Die Ärzte würden ihm wohl auch nicht helfen können. Es waren keine Überreste der fehlenden Organe zu sehen, sie waren also weder abgeschnitten worden noch abgefallen, wie es bei Leprakranken geschieht. Sicherlich war der Verlust seines Ohres für ihn ein Schock, allerdings verkraftete er es besser als mit seinem Auge, zu seiner eigenen Verwunderung. Er versuchte den Pflichten des Alltags nachzugehen, ging raus, Arbeiten, klar dass ihn überall fremde Blicke trafen, doch mit der Zeit lernte er diese zu ignorieren.

So hatte Markus am dritten Tag nach dem Verschwinden seines Auges Schwierigkeiten sich zu orientieren, denn ihm fehlte nun auch sein zweites Ohr, aber er bemühte sich dies einfach als den Lauf der Zeit zu sehen und in Zukunft auf alles gefasst zu sein. Als er allerdings auf Grund des Verlustes seines Gehörsinns an diesem Tag seine Arbeitsstelle verlor holte ihn die Gegenwart wieder ein. Wie ein Häufchen Elend sackte er abends auf sein Bett nieder, doch schwor er sich diesmal wach zu bleiben, denn er wollte sehen, was genau geschah, wer oder was seine Sinnesorgane raubte.

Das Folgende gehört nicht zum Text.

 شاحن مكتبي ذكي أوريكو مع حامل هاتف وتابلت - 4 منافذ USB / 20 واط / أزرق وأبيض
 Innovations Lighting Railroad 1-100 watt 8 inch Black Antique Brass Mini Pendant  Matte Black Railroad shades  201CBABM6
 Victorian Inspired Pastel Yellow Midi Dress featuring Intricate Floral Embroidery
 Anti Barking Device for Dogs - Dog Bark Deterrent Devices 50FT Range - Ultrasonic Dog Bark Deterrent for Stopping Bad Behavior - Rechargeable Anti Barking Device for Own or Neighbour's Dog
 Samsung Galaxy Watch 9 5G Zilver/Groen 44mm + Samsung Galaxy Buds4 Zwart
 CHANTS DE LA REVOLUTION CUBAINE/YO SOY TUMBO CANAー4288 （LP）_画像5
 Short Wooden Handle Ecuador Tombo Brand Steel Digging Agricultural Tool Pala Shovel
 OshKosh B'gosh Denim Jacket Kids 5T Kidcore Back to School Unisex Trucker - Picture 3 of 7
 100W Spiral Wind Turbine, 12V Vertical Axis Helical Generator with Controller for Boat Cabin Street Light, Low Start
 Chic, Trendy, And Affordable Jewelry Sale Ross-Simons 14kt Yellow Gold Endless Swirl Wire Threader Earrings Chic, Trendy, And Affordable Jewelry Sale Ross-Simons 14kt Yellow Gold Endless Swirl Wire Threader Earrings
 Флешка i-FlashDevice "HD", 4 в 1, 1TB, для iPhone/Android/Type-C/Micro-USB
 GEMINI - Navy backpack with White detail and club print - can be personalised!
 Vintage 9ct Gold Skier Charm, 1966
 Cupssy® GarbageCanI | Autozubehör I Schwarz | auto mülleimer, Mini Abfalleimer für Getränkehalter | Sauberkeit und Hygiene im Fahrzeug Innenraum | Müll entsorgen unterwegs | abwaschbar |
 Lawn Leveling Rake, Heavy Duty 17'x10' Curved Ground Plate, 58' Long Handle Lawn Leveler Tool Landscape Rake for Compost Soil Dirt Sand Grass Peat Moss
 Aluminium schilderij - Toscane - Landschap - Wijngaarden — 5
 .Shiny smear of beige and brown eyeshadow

Leider schaffte es Markus nicht die ganze Nacht wach zu bleiben, so schloss er kurzzeitig, ziemlich genau für eine Viertelstunde, gegen 4 Uhr 35 in der früh, seine Augen. Als er sie wieder öffnen wollte, war klar was passiert war. Orientierungslos versuchte er sich aus seinem Bett zu bewegen. Hätte er Augen könnte er jetzt weinen, hätte er Ohren könnte er sich schreien und schluchzen hören. Hasserfüllt und kurz vor dem Nervenzusammenbruch griff er zum Telefon, das Nächstgelegene, und warf es intuitiv in Richtung Spiegel. Er traf ihn, traf sich, und wie der Spiegel zerbrach er und blieb, als Häufchen Scherben auf dem Teppich seiner Wohnung, für seine Mitmenschen für immer verschwunden.

 

hallo le individu
deine geschichte gefällt mir. sie erinnert mich unweigerlich an kafka, was ja nicht schlimm ist. der absurde verlust der sinnes organe offenbart dem leser, wie sehr alles davon abhängt. z. b. der job. aber auch soziale akzeptanz.
gut finde ich auch , dass du nicht mit dem verlust übertreibst.
das gedicht am ende allerdings finde ich überflüssig und störend.
gruß flip

 

Hallo, individu, bitte ersetze mal die Fragezeichen durch Anführungszeichen. Ist diesmal doch sehr auffällig.